In the beginning of this chapter Krishna presents the analogy of the asvattha tree, with its roots above and branches below. This has caused quite some confusion in our small brains as the trees we encounter in Finland quite seldom have these kind of qualities. Bhrigu helped us by making a drawing of a banyan tree, attached here.


In the drawing you can see the tree, with its branches growing downwards, and roots growing upwards. Its leaves are are the Vedic hymns, its twigs sense objects, its roots karmic reactions, nourished by the gunas. With the ax of detachment the tree can be cut down.


Krishna then once again describes the qualities of the pure devotee who can attain him, having defeated the attachments described in the beginning of the chapter. This would feel like a completely overwhelming task if we hadn't read all the previous chapters, where Krishna describes all the different paths one can take to attain him.


In verse 15.6 Krishna then describes his supreme abode, and states that having gone there no one returns. It's quite interesting to read this as the falldown of the jiva is such a big issue between Iskcon and other Gaudiya Vaishnava branches, and it's quite clearly stated here that no one returns from Krishna's abode, or falls down from the spiritual world.


Krishna goes on to speak about the individual souls, moving like the wind from one body to another. Deluded by their senses they don't understand their situation. In this way Krishna explains why the souls choose to stay in this world of dualities instead of trying to attain him.


I've been reading a book written by a Swedish woman who describes her problems with trying to lose weight. She constantly suffers from being seriously overweight, and promises herself that she'll start a diet next Monday, but by Monday afternoon she's back at McDonalds, Then she feels so bad about not being able to diet that she has to comfort herself with an extra portion of ice cream. And this just goes on and on, and she never actually loses any weight.


This made me think of our situation here in this world. We know this environment is not good for us, we know this life will end in death and suffering, and we know we'll have to give up all our belongings in the end. But still we want to hold on to sense enjoyment for comfort, and promise ourselves that on Monday we'll start concentrating on spiritual life and give up everything else. We know what we should do: give up all the saturated fat of pride and illusion and strictly follow the diet of spiritual practice, but still we find ourselves sneaking to the fridge in the evening to get an extra snack.

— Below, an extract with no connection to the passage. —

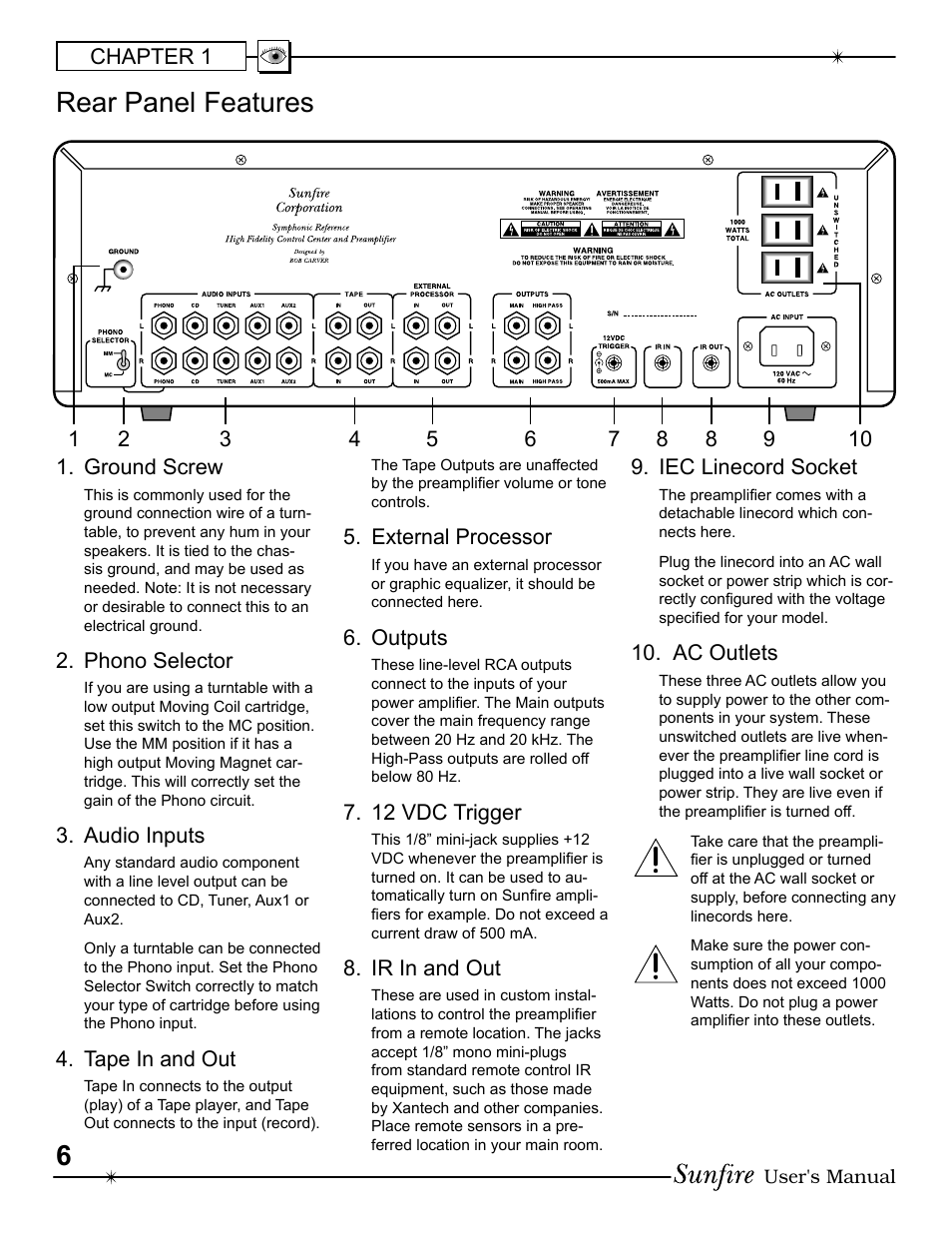 Rear panel fea tures | Sunfire Symphonic Reference High Fidelity Control Center and Preamplifier User Manual | Page 6 / 16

In the following verses Krishna describes how utterly dependent the living beings are from him. He is the light in the sun and the moon and the fire of digestion. We take the sun for granted, as well as digestion, but if the sun didn't rise one morning the whole world would be in chaos. It's quite a challenge to learn to look at everything around us as Krishna, and to appreciate it accordingly. If we remembered Krishna every time we see the sun that would already make us think of Krishna quite often (unless we were in Finland in the winter...).


Krishna then returns to the subject of the prakriti and purusa discussed earlier in the Gita, and states that there's an essential difference between the jivas and the supreme purusa, Krishna. This is clearly a different understanding of the relationship between the living beings and God than in the Mayavada philosophy. Guru Maharaja points out in his purport that the living beings are sometimes called para prakriti to stress the point that we're not equal with Krishna.

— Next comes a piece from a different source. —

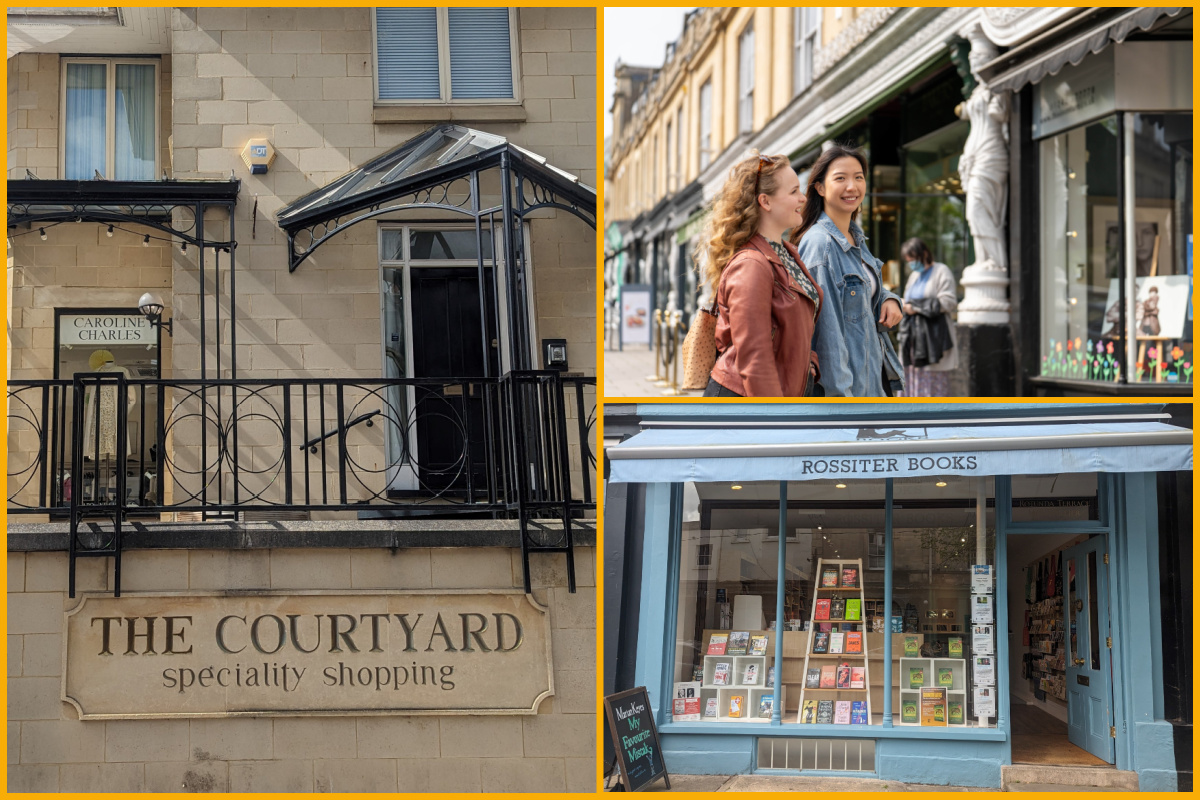 Collage of The Courtyard speciality shopping sign, people shopping in Montpellier, Cheltenham, Rossiter Book shop exterior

Shyam Gopal Das - May 22, 2005 10:55 am

Your point of not wanting to change diets but knowing it is not good for us reminded me of a verse in Bhagavad-Gita I encountered ths week that hit me pretty hard.

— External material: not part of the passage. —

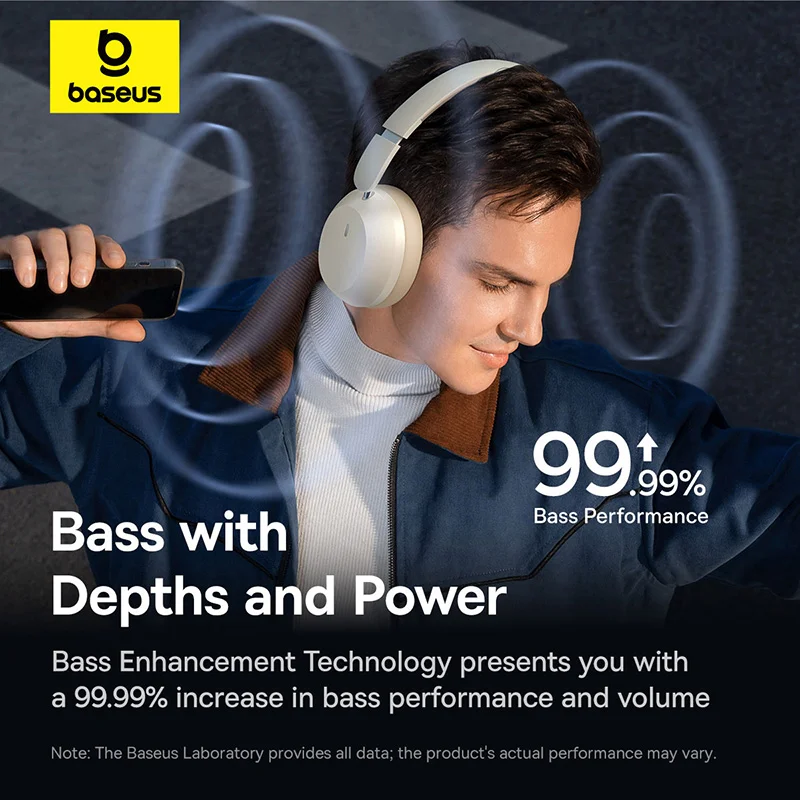Baseus Bass 35 Max Wireless Headphones - Stellar White - Image 2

BG 4.40 "Those who are ignorant, faithless, or doubting are lost. There is neither hapiness nor success in this world or the next for the doubting soul"

It is saying to me that when we know our diets are bad, but we don't make a change, we will be in a state of limbo that gets us nowhere. It shows we lack faith in the process and should try to strengthen our faith. It shows we lack faith in Sri Guru, because he embodies our prospect. So don't doubt or the consequence of our doubting will be to lose everything.

Nanda-tanuja Dasa - May 22, 2005 4:17 pm

About your picture -- I’m not sure it’s quite right. Because the tree you’ve drew is a material reflection of the real tree of the spiritual world, the root of it grows upward from Brahmaloka, but your picture has Krsna. So it looks like you are trying to sever connection with Krsna by detachment which is not correct.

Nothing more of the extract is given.